-- WHAT NEEDS TO BE DONE --
Copy all the entries word for word, but omit the pictures.
*** Opening RECORDED DATA ***
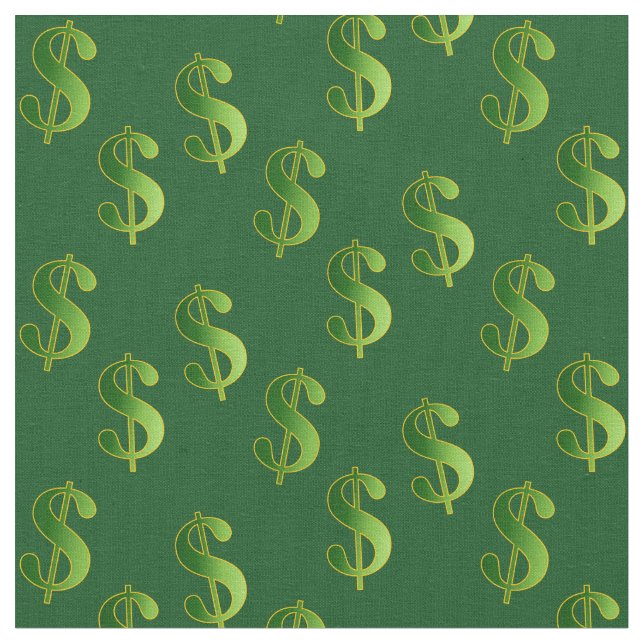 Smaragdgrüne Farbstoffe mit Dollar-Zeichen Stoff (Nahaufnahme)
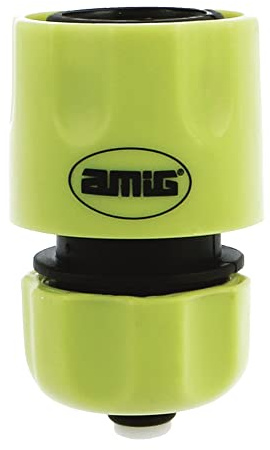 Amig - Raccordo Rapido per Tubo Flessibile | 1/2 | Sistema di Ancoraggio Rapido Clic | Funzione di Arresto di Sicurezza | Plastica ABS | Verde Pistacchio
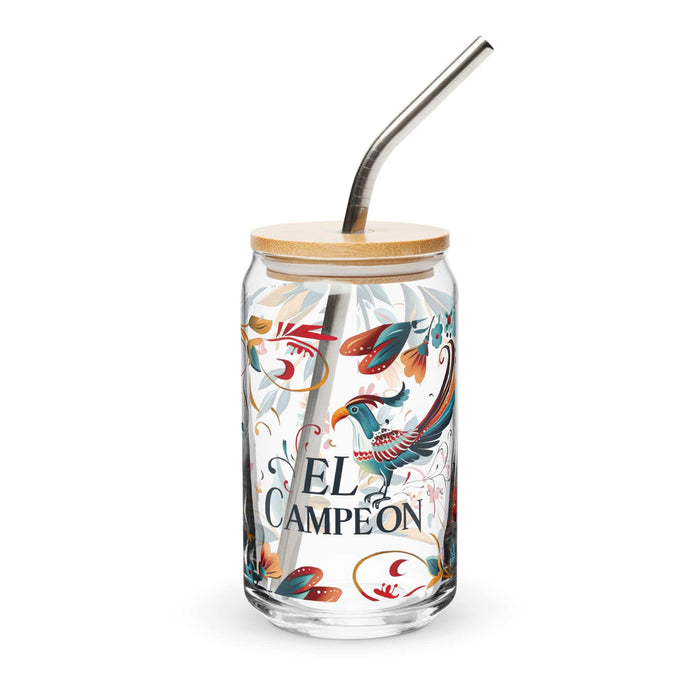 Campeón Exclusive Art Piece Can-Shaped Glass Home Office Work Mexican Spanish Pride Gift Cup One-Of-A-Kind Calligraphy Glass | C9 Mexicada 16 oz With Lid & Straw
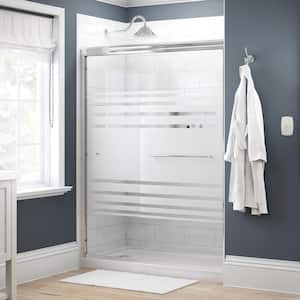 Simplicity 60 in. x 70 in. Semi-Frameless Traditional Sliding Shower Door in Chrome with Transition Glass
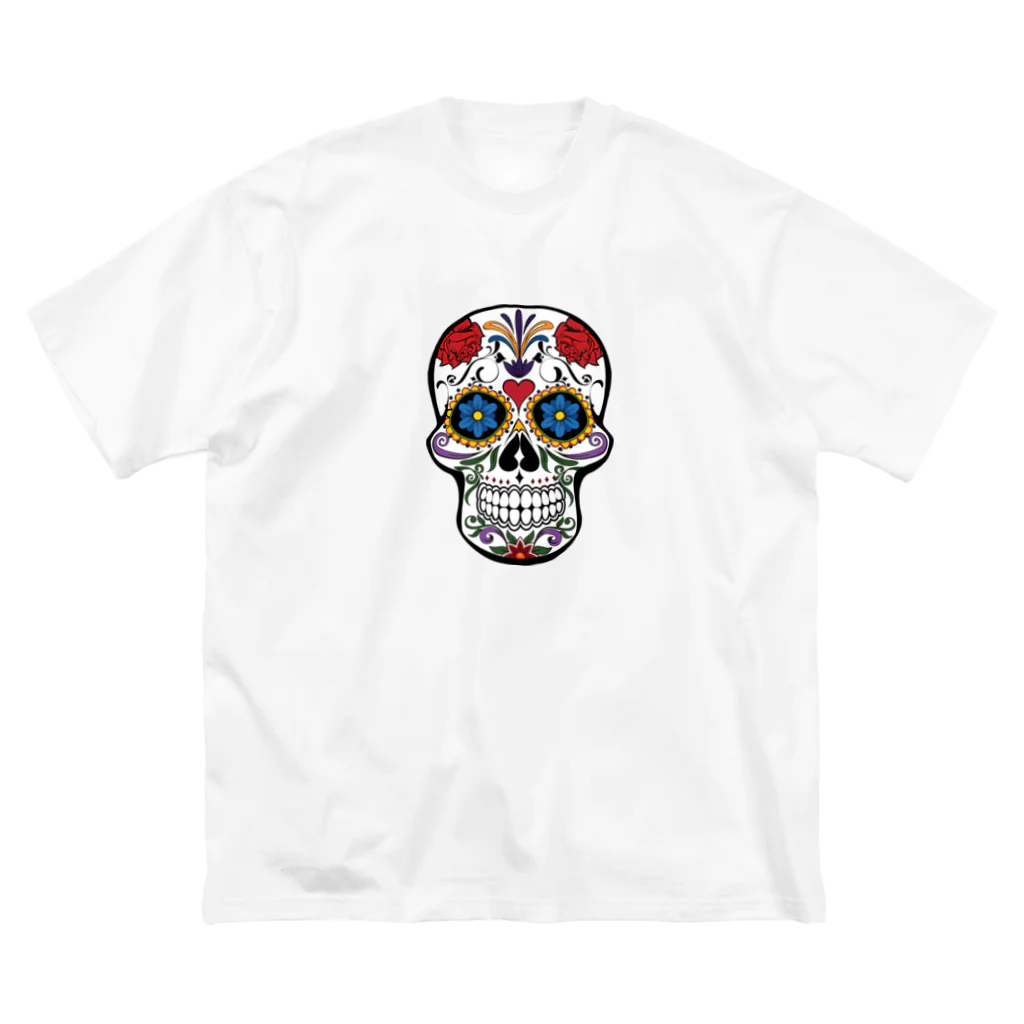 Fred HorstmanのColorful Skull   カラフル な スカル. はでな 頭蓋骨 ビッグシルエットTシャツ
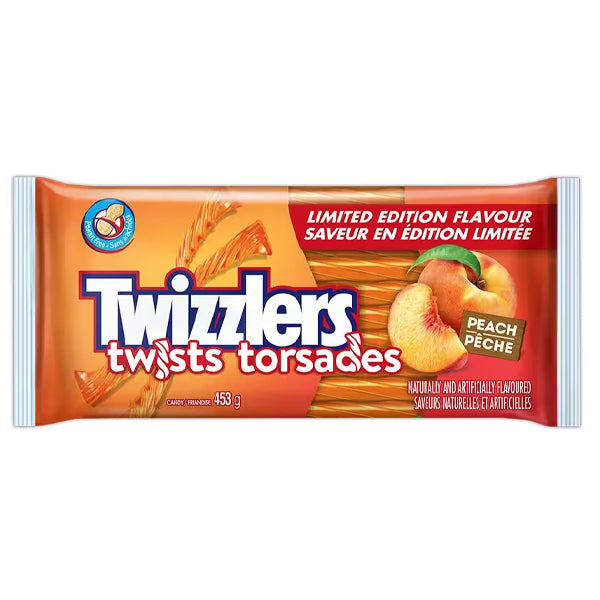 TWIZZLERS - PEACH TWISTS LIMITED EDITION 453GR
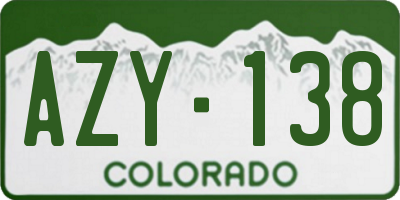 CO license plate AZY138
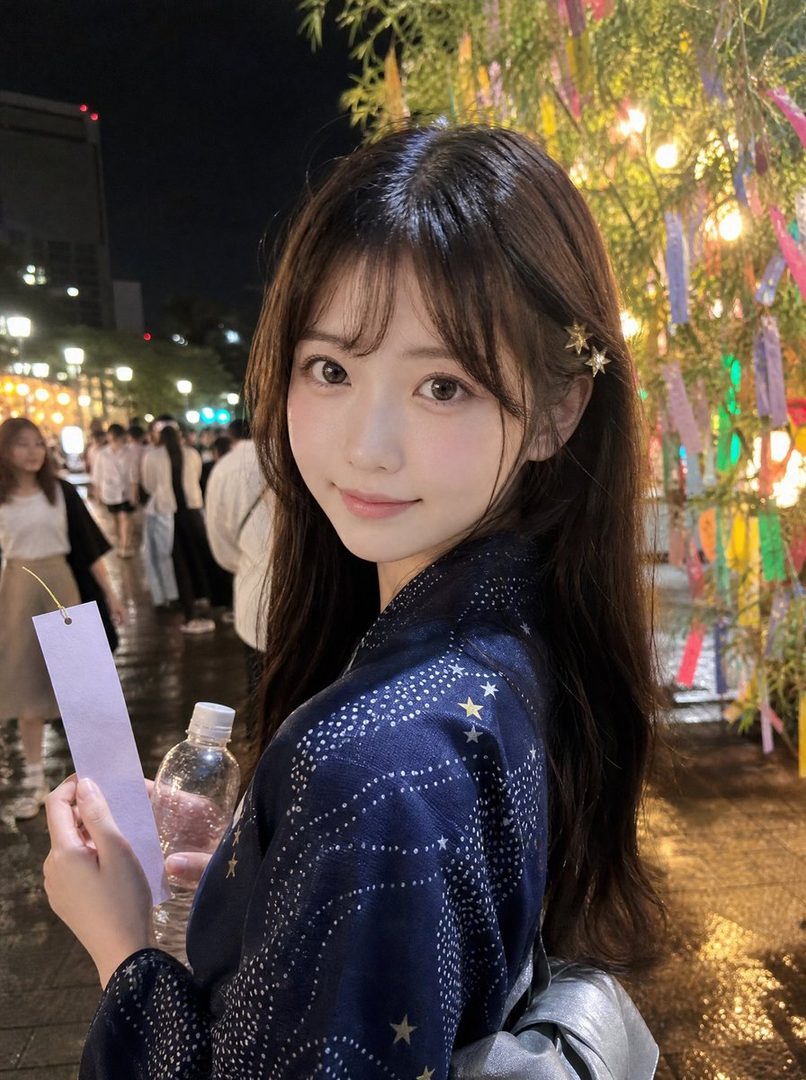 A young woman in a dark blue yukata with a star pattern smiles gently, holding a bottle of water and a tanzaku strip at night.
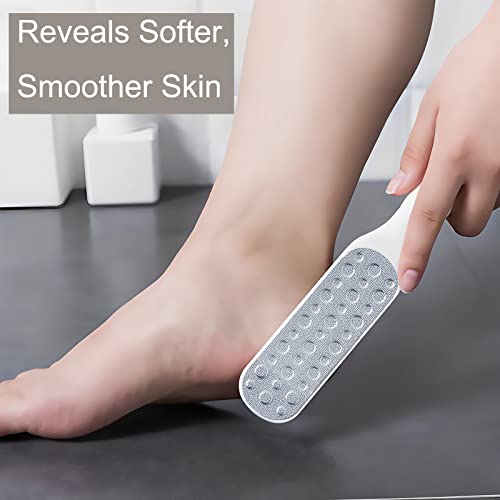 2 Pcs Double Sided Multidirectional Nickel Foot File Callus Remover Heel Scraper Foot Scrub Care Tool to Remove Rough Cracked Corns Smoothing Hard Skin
*** Closing RECORDED DATA ***
-- EXERCISE OUTPUT --
 Smaragdgrüne Farbstoffe mit Dollar-Zeichen Stoff (Nahaufnahme)
 Amig - Raccordo Rapido per Tubo Flessibile | 1/2 | Sistema di Ancoraggio Rapido Clic | Funzione di Arresto di Sicurezza | Plastica ABS | Verde Pistacchio
 Campeón Exclusive Art Piece Can-Shaped Glass Home Office Work Mexican Spanish Pride Gift Cup One-Of-A-Kind Calligraphy Glass | C9 Mexicada 16 oz With Lid & Straw
 Simplicity 60 in. x 70 in. Semi-Frameless Traditional Sliding Shower Door in Chrome with Transition Glass
 Fred HorstmanのColorful Skull   カラフル な スカル. はでな 頭蓋骨 ビッグシルエットTシャツ
 TWIZZLERS - PEACH TWISTS LIMITED EDITION 453GR
 CO license plate AZY138
 A young woman in a dark blue yukata with a star pattern smiles gently, holding a bottle of water and a tanzaku strip at night.
 2 Pcs Double Sided Multidirectional Nickel Foot File Callus Remover Heel Scraper Foot Scrub Care Tool to Remove Rough Cracked Corns Smoothing Hard Skin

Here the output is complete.